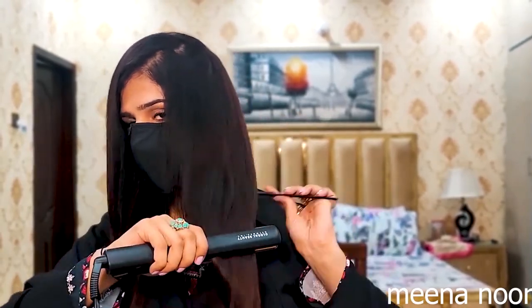This is the hairspray. Now I will make it inward — this is the best thing you can do. I will make it inward and outward very easily. I will straighten my hair and this is the final result of my hairstyle.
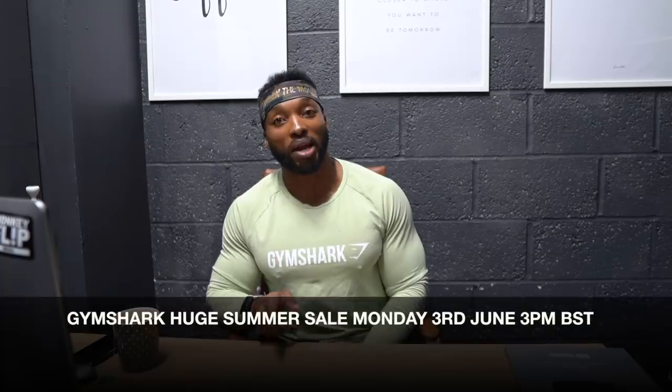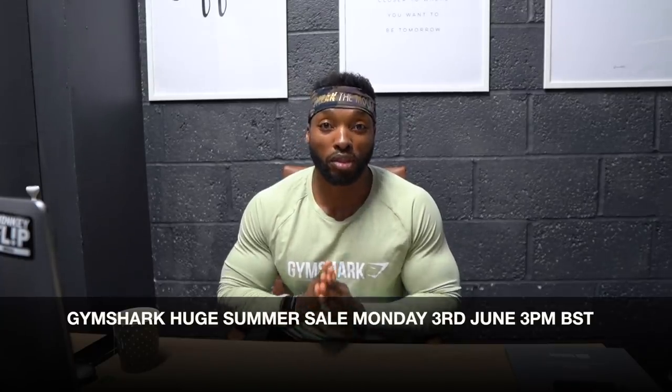Gymshark is having a huge summer sale on Monday the 3rd of June from 3 p.m. I'm going to put my link up, so if you guys want to use my link I would be absolutely grateful. I do get commission - I'm going to be 100% open with you guys about that. If you do that I'll be absolutely grateful, but you don't have to. They are having a huge sale at 3 p.m. June the 3rd, and they sell out pretty quickly, so I'll put top picks and links to items I wear in my videos.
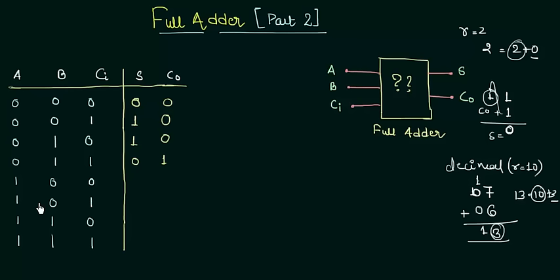In the fifth case, A is 1, B is 0, CI is 0. So 1 plus 0 is 1, and 1 plus 0 is again 1. Sum is 1 and carry output is 0. In the sixth case, 1 plus 0 gives 1, and 1 plus 1 gives 0. So the sum is 0 but the carry is 1. In the seventh case, 1 plus 1 gives 0 with carry 1, and 0 plus 0 gives 0 with carry 1. In the eighth case, 0 plus 1 gives 1. So there is sum 1 and carry also equal to 1.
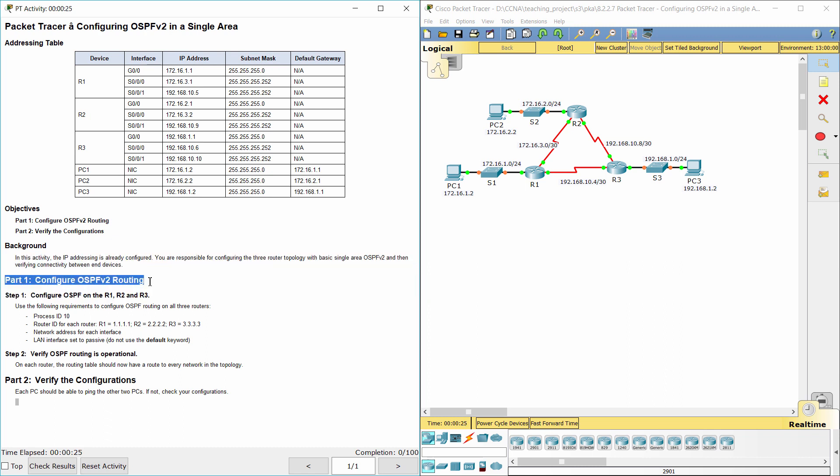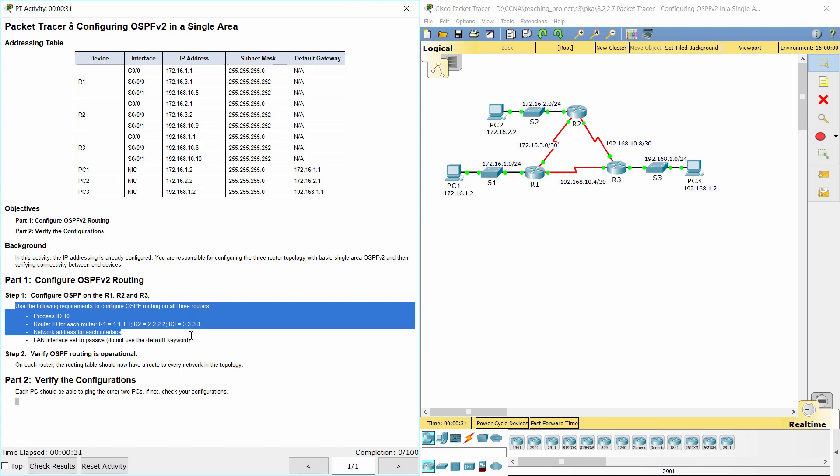Part 1: Configure OSPF version 2 routing. Step 1: Configure OSPF on R1, R2, and R3.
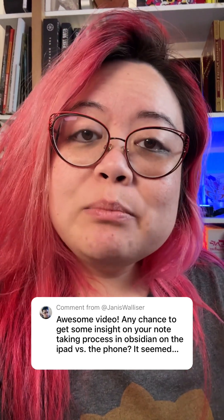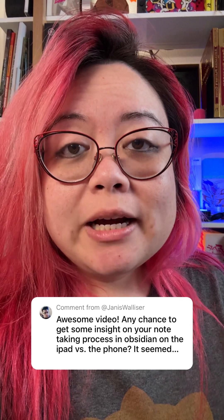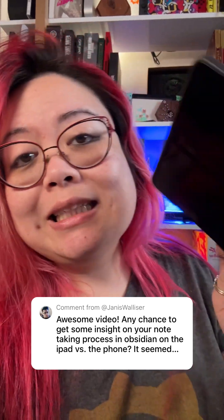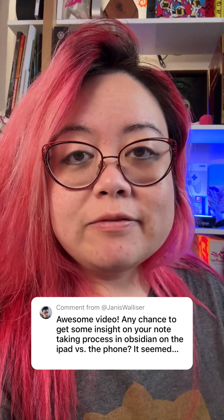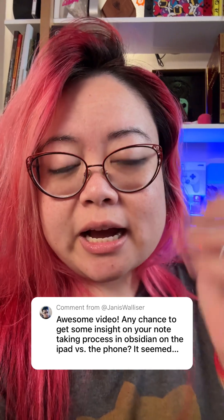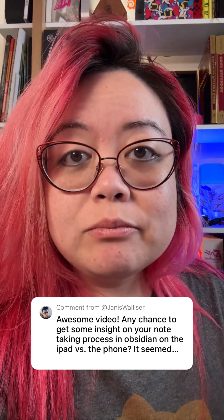Janice Walliser asked about my note-taking process in Obsidian on iPad versus the phone. I use a Samsung Galaxy Z Fold 5 as my main phone. This is what I would typically handwrite notes on, not this iPhone 15 Pro Max that I'm recording this on.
------------------------------------------------
> [TASK BRIEF]: The answer is the lines of the material above, from the one containing "In the fifth" down to the one containing "Part 1: Configure", given exactly and without images.

> [ANSWER]:
In the fifth case, A is 1, B is 0, CI is 0. So 1 plus 0 is 1, and 1 plus 0 is again 1. Sum is 1 and carry output is 0. In the sixth case, 1 plus 0 gives 1, and 1 plus 1 gives 0. So the sum is 0 but the carry is 1. In the seventh case, 1 plus 1 gives 0 with carry 1, and 0 plus 0 gives 0 with carry 1. In the eighth case, 0 plus 1 gives 1. So there is sum 1 and carry also equal to 1.
Part 1: Configure OSPF version 2 routing. Step 1: Configure OSPF on R1, R2, and R3.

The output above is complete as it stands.